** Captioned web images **

--- START ---

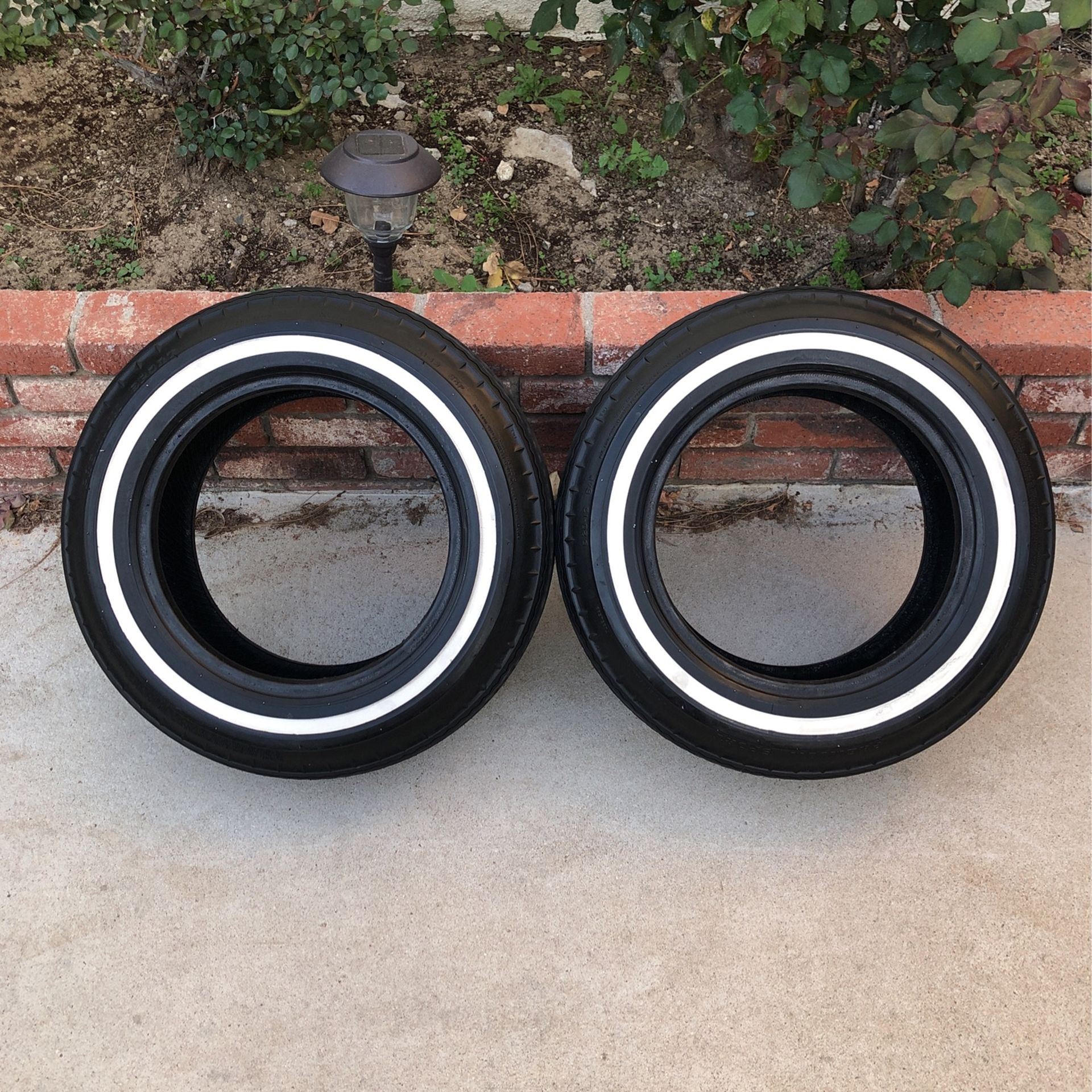 Lowrider 520’s White Wall Tires for Sale in Placentia, CA OfferUp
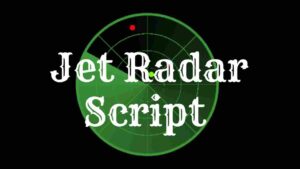 Explore the Fivem Jet Radar Script to improve your in-game radar and enhance your experience. Perfect for better performance and smoother gameplay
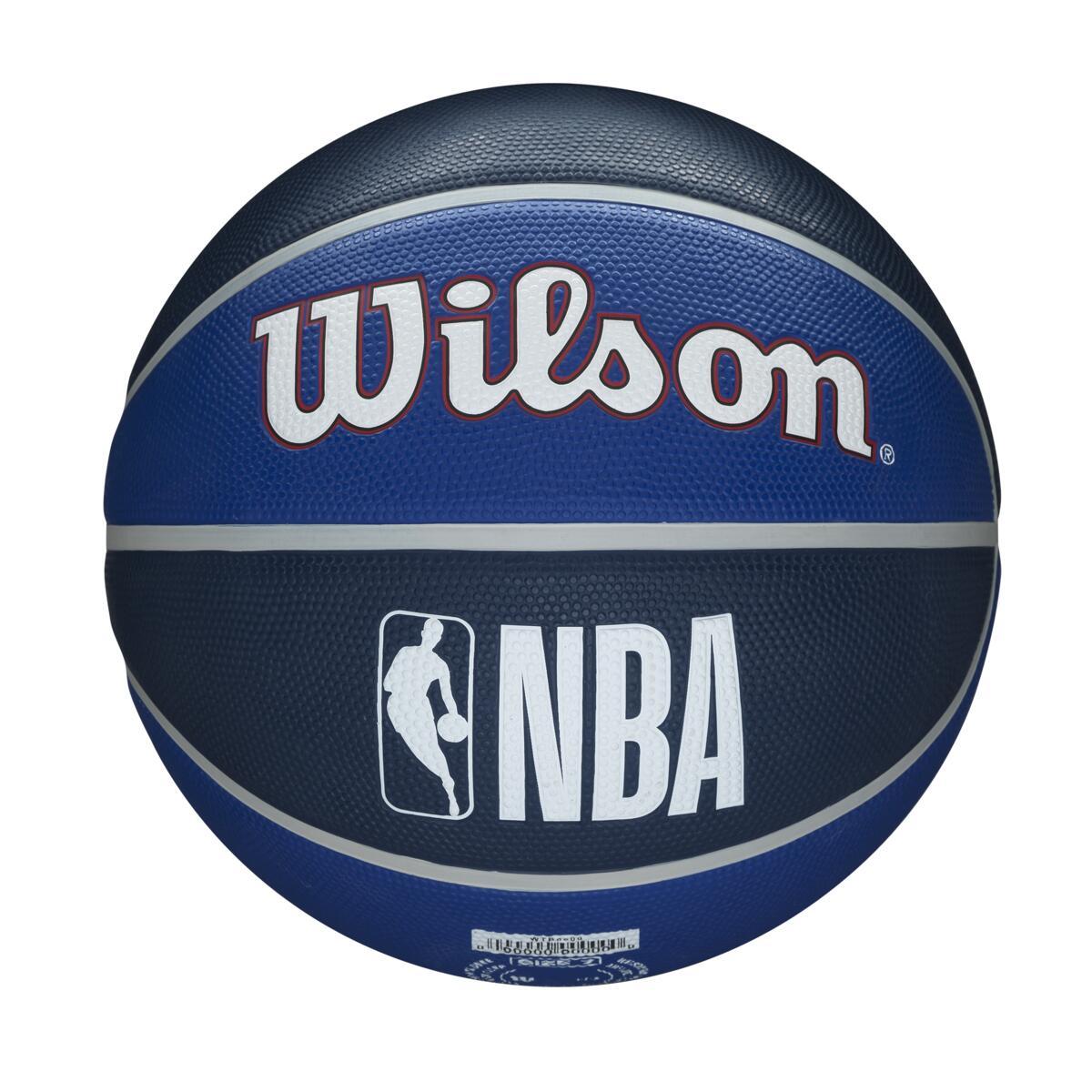 Baloncesto homenaje al equipo de la NBA de Wilson: Detroit Pistons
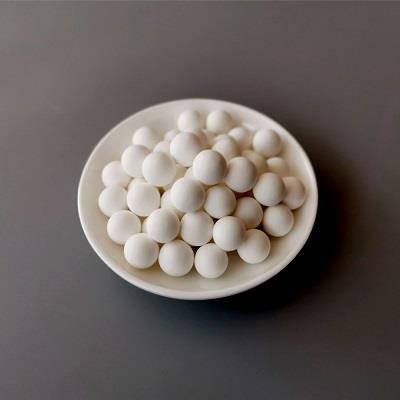 0.5-1mm 氧化铝陶瓷球 陶瓷微珠 磨料球石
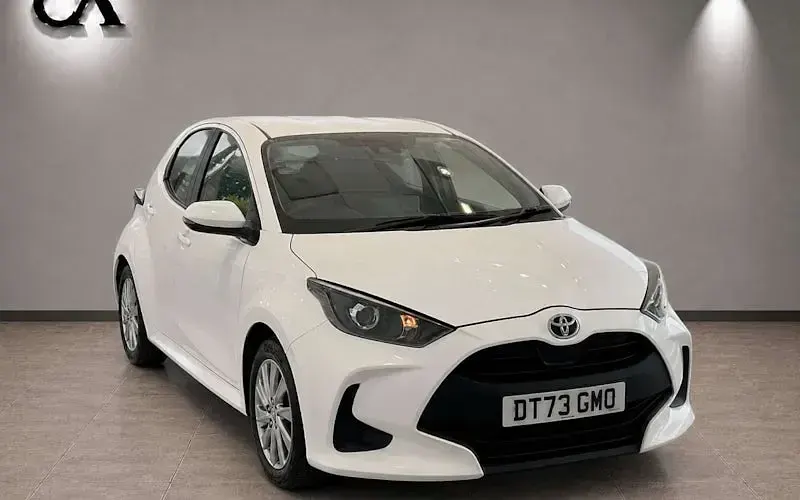 Used Toyota Yaris 116 HP (85 kW) 2024 Hatchback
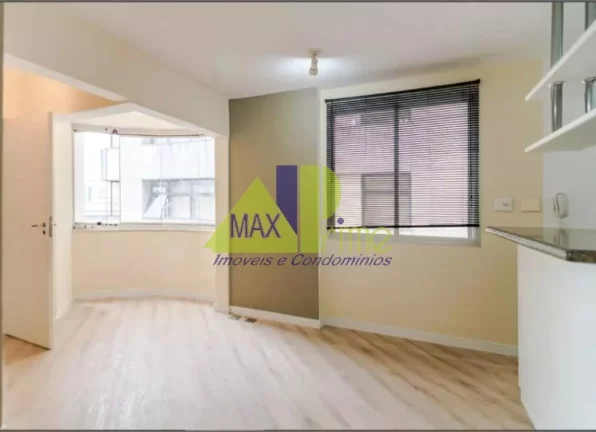 Imagem APARTAMENTO 46M²/01 DORMITÓRIO/SUÍTE/02 WC/01 VAGA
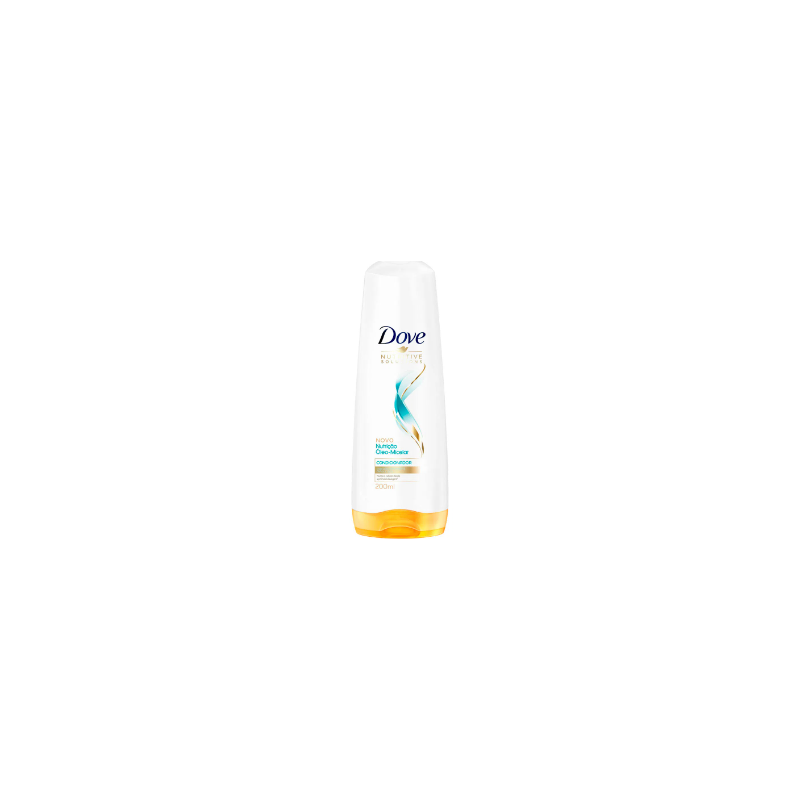 CONDICIONADOR DOVE NUTRIÇÃO ÓLEO MICELAR 200 ML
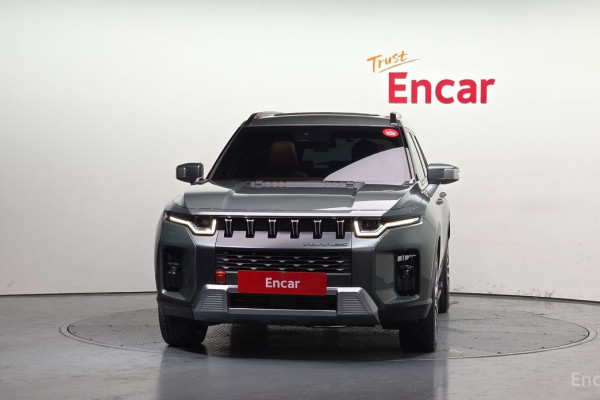 2023 KG Mobility Torres с пробегом 52 871 км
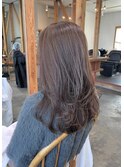 ワンカールで動きたっぷり！ロングレイヤー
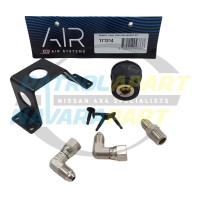 ARB Air Compressor Remote Hose Coupling Outlet Kit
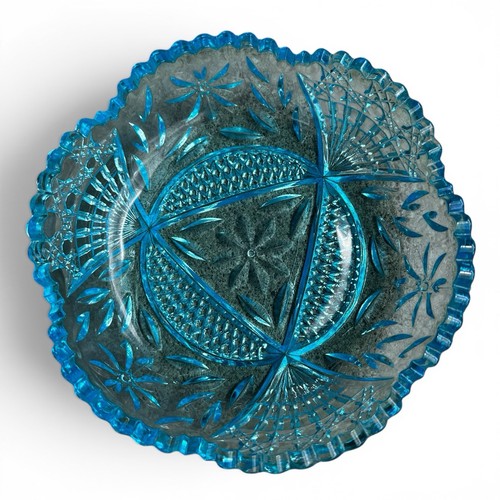 Vintage kemple wheaton - vintage, aqua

--- END ---

** Requirement **
Restate the preceding entries in full, word for word, with the pictures removed.

** Exercise output **
 Lowrider 520’s White Wall Tires for Sale in Placentia, CA OfferUp
 Explore the Fivem Jet Radar Script to improve your in-game radar and enhance your experience. Perfect for better performance and smoother gameplay
 Baloncesto homenaje al equipo de la NBA de Wilson: Detroit Pistons
 0.5-1mm 氧化铝陶瓷球 陶瓷微珠 磨料球石
 Used Toyota Yaris 116 HP (85 kW) 2024 Hatchback
 Imagem APARTAMENTO 46M²/01 DORMITÓRIO/SUÍTE/02 WC/01 VAGA
 CONDICIONADOR DOVE NUTRIÇÃO ÓLEO MICELAR 200 ML
 2023 KG Mobility Torres с пробегом 52 871 км
 ワンカールで動きたっぷり！ロングレイヤー
 ARB Air Compressor Remote Hose Coupling Outlet Kit
 Vintage kemple wheaton - vintage, aqua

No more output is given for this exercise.